Standardization of REP tags as robots.txt directives
This draft is kinda request for comments for search engine staff and uber search geeks interested in the progress of Robots Exclusion Protocol (REP) standardization (actually, every search engine maintains their own REP standard). It’s based on/extends the robots.txt specifications from 1994 and 1996, as well as additions supported by all major search engines. Furthermore it considers work in progress leaked out from Google.
In the following I’ll try to define a few robots.txt directives that Webmasters really need.
Unfortunately, they got it totally wrong, again. (Skip the longish explanation of the rel-nofollow fiasco and my rant on Google’s current robots.txt experiments.)

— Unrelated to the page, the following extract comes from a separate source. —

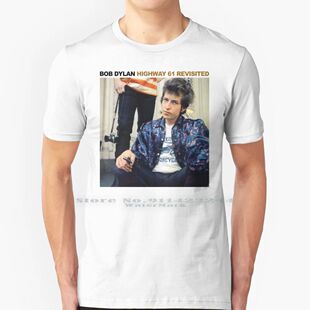 Highway 61 Revisited ( Hq ) 100% Cotton T Shirt Music Folk B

Google’s last try to enhance the REP by adapting a REP tag’s value in another level was a miserable failure. Not because crawler directives on link-level are a bad thing, the opposite is true, but because the implementation of rel-nofollow confused the hell out of Webmasters, and still does.

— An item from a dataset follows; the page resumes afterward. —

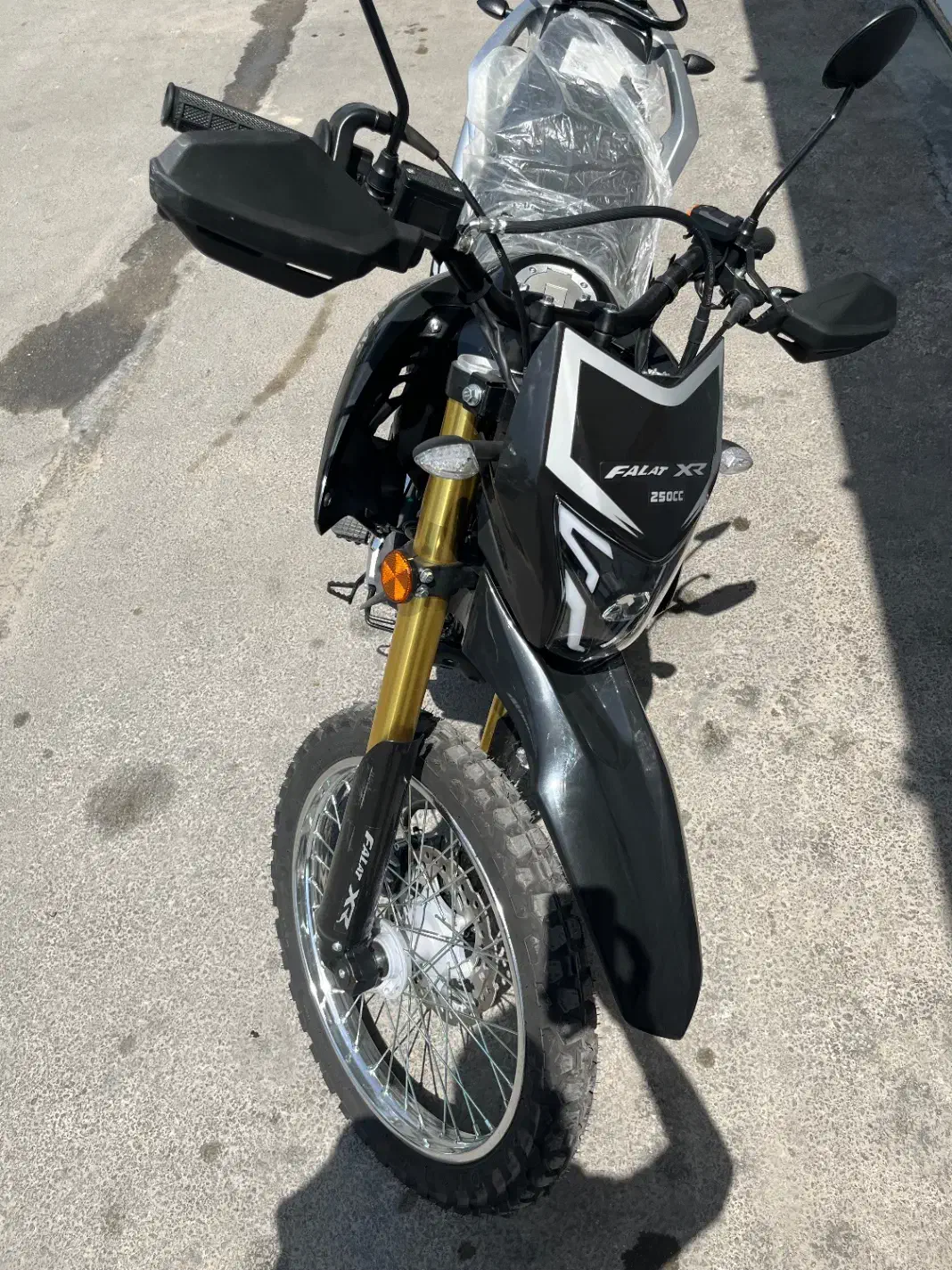 فلاتxr250|موتورسیکلت|جهرم, |دیوار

Rel-Nofollow or how Google abused standardization of Web robots directives for selfish purposes
Don’t get me wrong, an instrument to steer search engine crawling and indexing on link level is a great utensil in a Webmaster’s toolbox. Rel-nofollow just lacks granularity, and it was sneakily introduced for the wrong purposes.

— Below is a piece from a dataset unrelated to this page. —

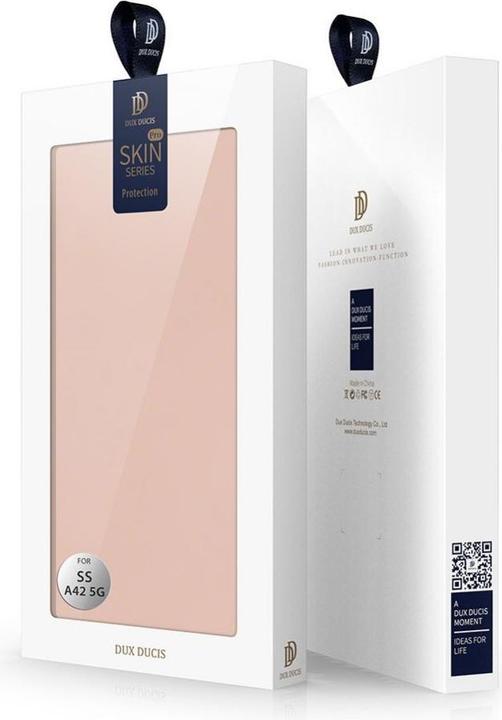 Produktbild Dux Ducis Galaxy A42 - Flip Folio Case roségold (Samsung Galaxy A72 5G)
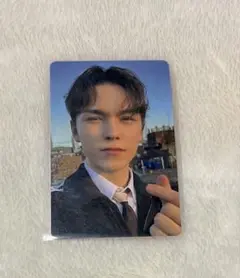 SEVENTEEN メンバーシップ トレカ バーノン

Recap: When Google launched rel-nofollow in 2005, they promoted it as a tool to fight comment spam.
From now on, when Google sees the attribute (rel=”nofollow”) on hyperlinks, those links won’t get any credit when we rank websites in our search results. This isn’t a negative vote for the site where the comment was posted; it’s just a way to make sure that spammers get no benefit from abusing public areas like blog comments, trackbacks, and referrer lists.
Technically spoken, this translates to “search engine crawlers shall/can use rel-nofollow links for discovery crawling, but indexers and ranking algos processing links must not credit link destinations with PageRank, anchor text, nor other link juice originating from rel-nofollow links”. Rel=”nofollow” meant rel=”pass-no-reputation”.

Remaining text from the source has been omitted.